5 Nov 2014
The New South Wales Independent Commission Against Corruption has taken on premiers, ministers and billionaire businessmen. But is its decision to go after the state’s most high profile Crown Prosecutor Margaret Cuneen a step too far? Ms Cuneen says she’s been the target of a malicious complaint involving her private life. She launched a challenge in the New South Wales supreme Court today calling for the ICAC inquiry to be shut down.
Source: PM | Duration: 4min 59sec
Topics: law-crime-and-justice, corruption, nsw, australia
MARK COLVIN: There’s often been applause for the New South Wales Independent Commission Against Corruption (ICAC) as it’s taken on premiers, ministers and billionaire businessmen.
But is its decision to go after the state’s most high profile Crown prosecutor, Margaret Cunneen, a step too far?
Many in the New South Wales legal fraternity seem to think so.

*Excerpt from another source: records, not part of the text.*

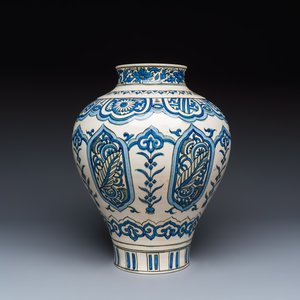 An unusual large Samson Safavid-style black, blue and white vase — 照片 5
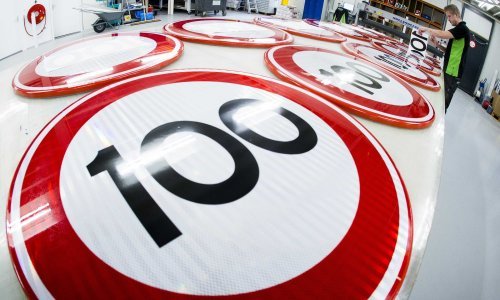 Nizozemska uvodi ograničenje brzine na autocestama od 100 km/h; Slijede visoke kazne za prekoračenje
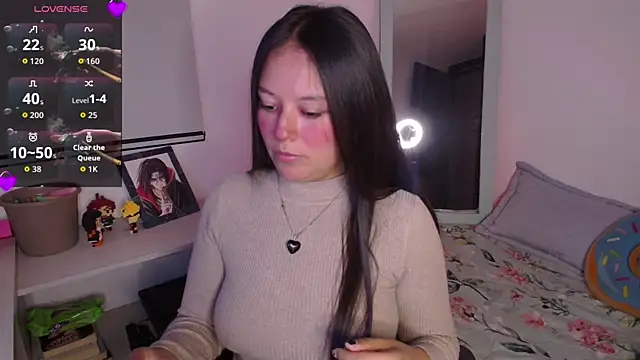 Snapshot of Lexie_Thompson10 chatting on 10.14.25 Lexie Thompson10 online show from 10.14.25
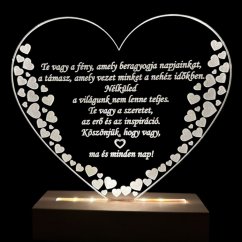 Személyre szabott LED lámpa szív alakban gravírozással – egyedi ajándék szeretet és hála kifejezésére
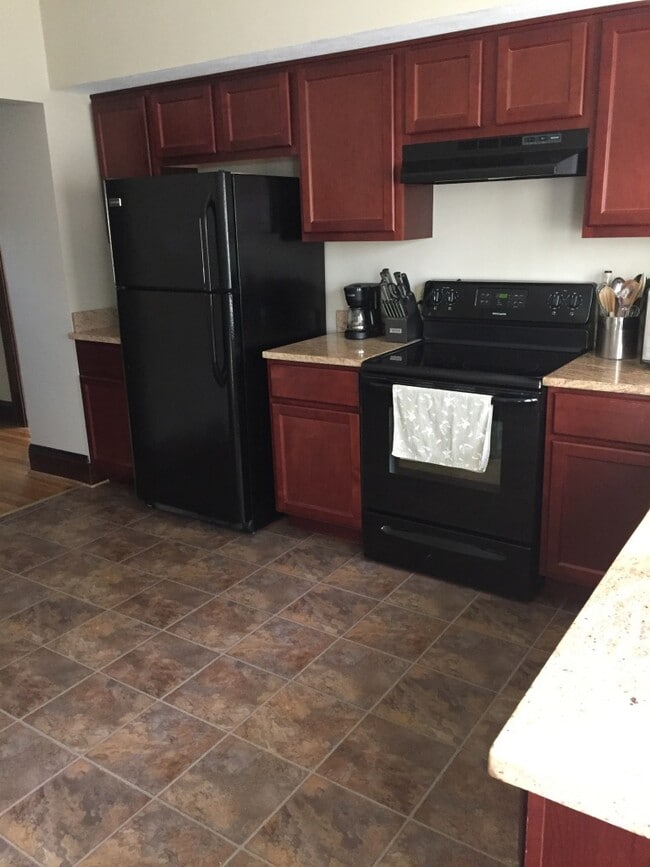 3405 Fairmount Blvd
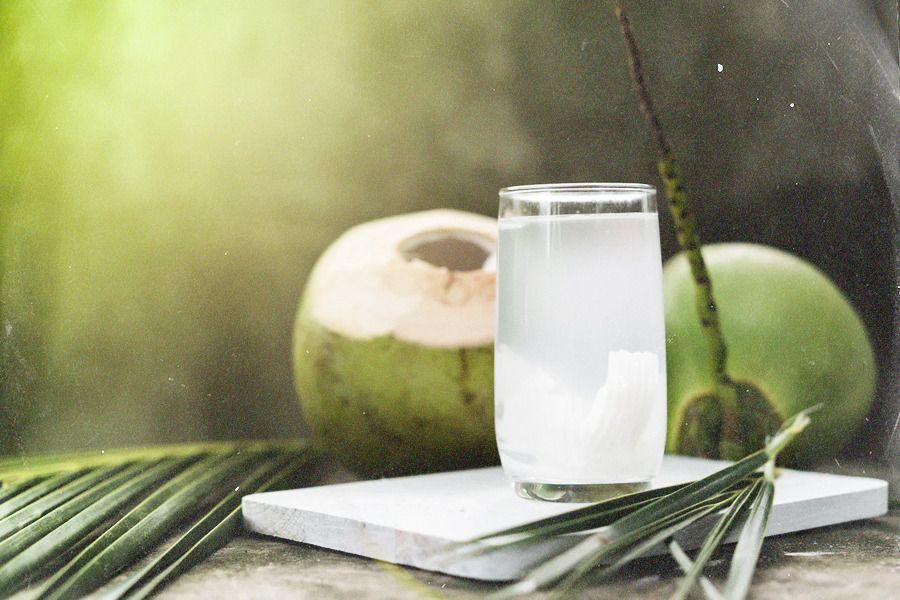 Air kelapa mengandung banyak manfaat dan cocok untuk minuman olahraga. (Jovi Arnanda/Skor.id)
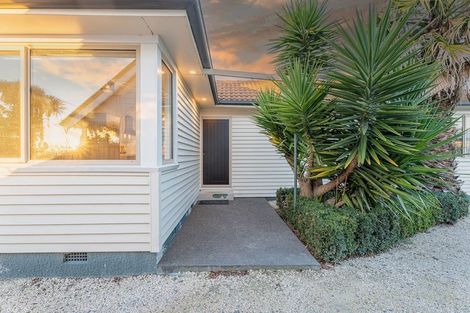 Photo of property in 666 Avonside Drive, Avonside, Christchurch, 8061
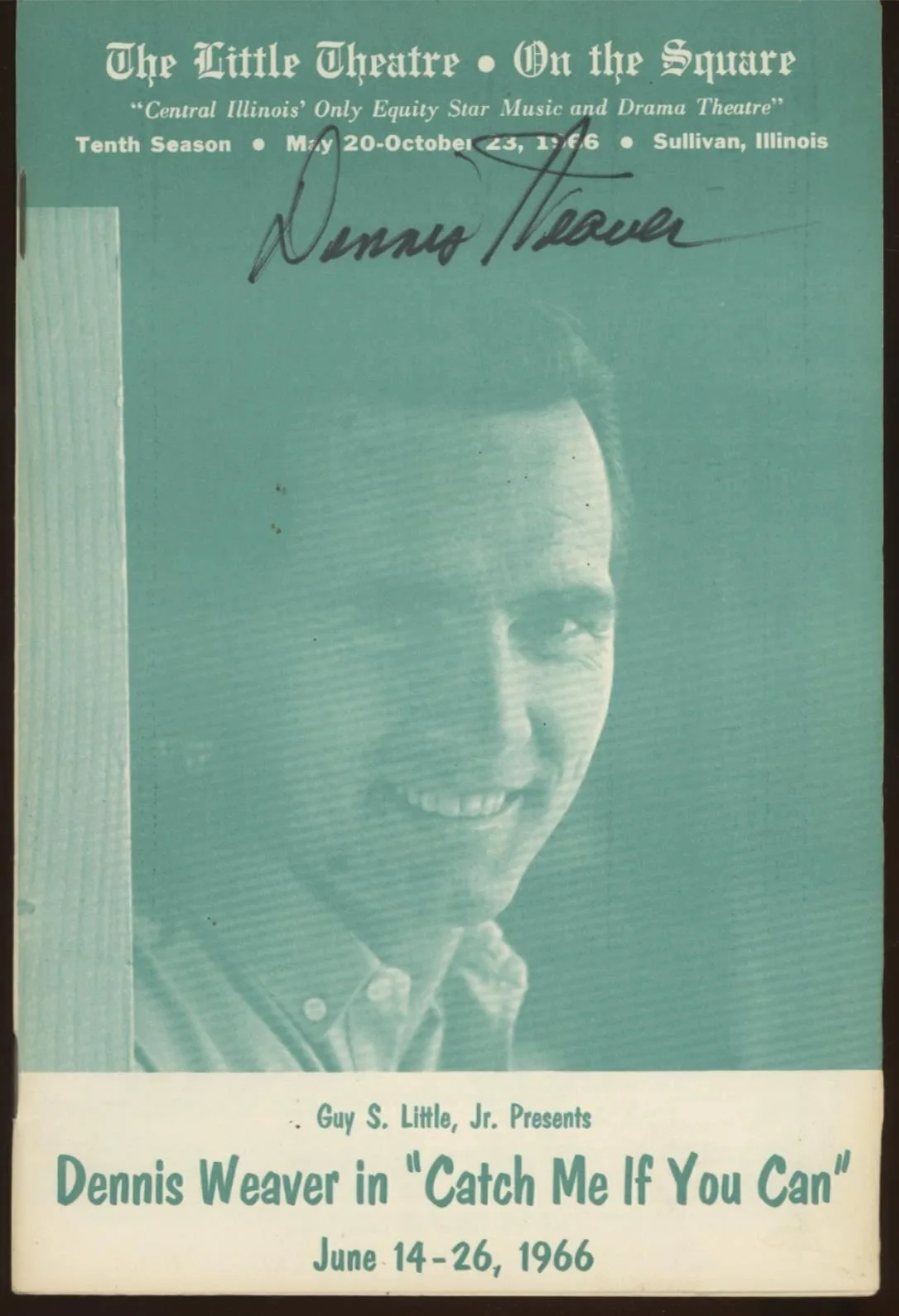 DENNIS WEAVER — 1966 DENNIS WEAVER AUTOGRAPH SULLIVAN IL LITTLE THEATRE PLAYBILL 37-13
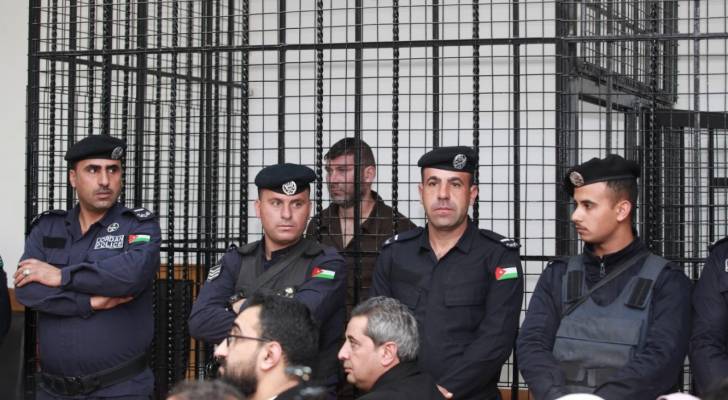 شاهد بالفيديو.. المستوطن الصهيوني كونستانتين كوتوف داخل قفص الاتهام في محكمة أمن الدولة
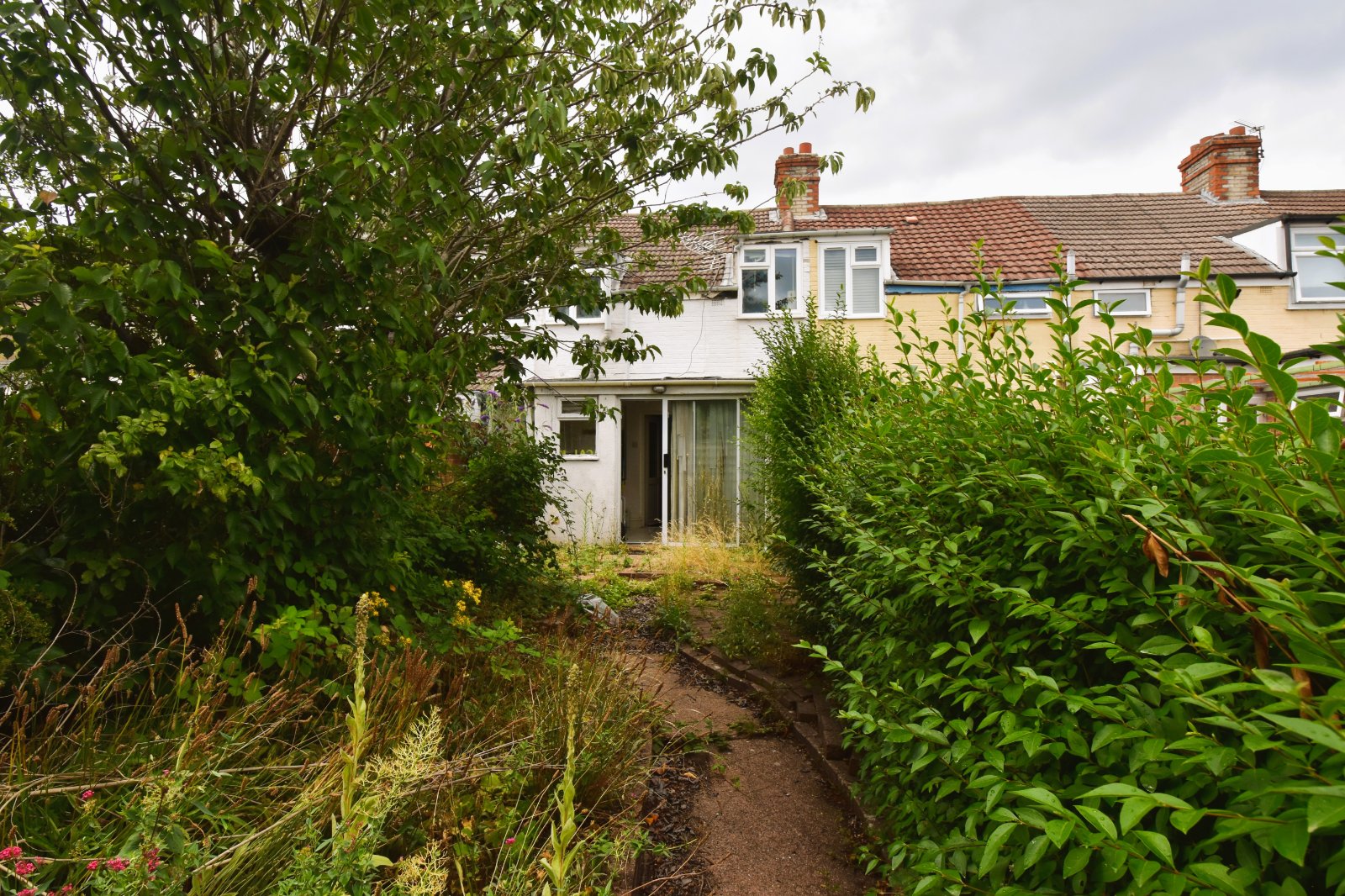 Derlyn Road, Fareham, Hampshire, PO16 - Charters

Margaret Cunneen herself says she’s been the target of a malicious lie. She launched a challenge in the New South Wales Supreme Court today, calling for the inquiry to be shut down because the ICAC had exceeded its powers.
Deborah Cornwall was in court to listen to the preliminary arguments before the hearing gets underway tomorrow.
She joins me now. So what happened at today’s hearing?
DEBORAH CORNWALL: Well Mark, this challenge to the ICAC is quite different to anything we’ve seen in the past, because Margaret Cunneen’s barrister, Arthur Moses SC, is actually calling on the ICAC to make itself accountable about the way it uses its extraordinary powers.
And his argument is that if the ICAC effectively are accusing Margaret Cunneen of perverting the course of justice, then it better have a very good reason for trashing her reputation.
And his central point is that it appears the ICAC have gone after Margaret Cunneen because of her position as a public prosecutor – yet the allegations involve a very private matter.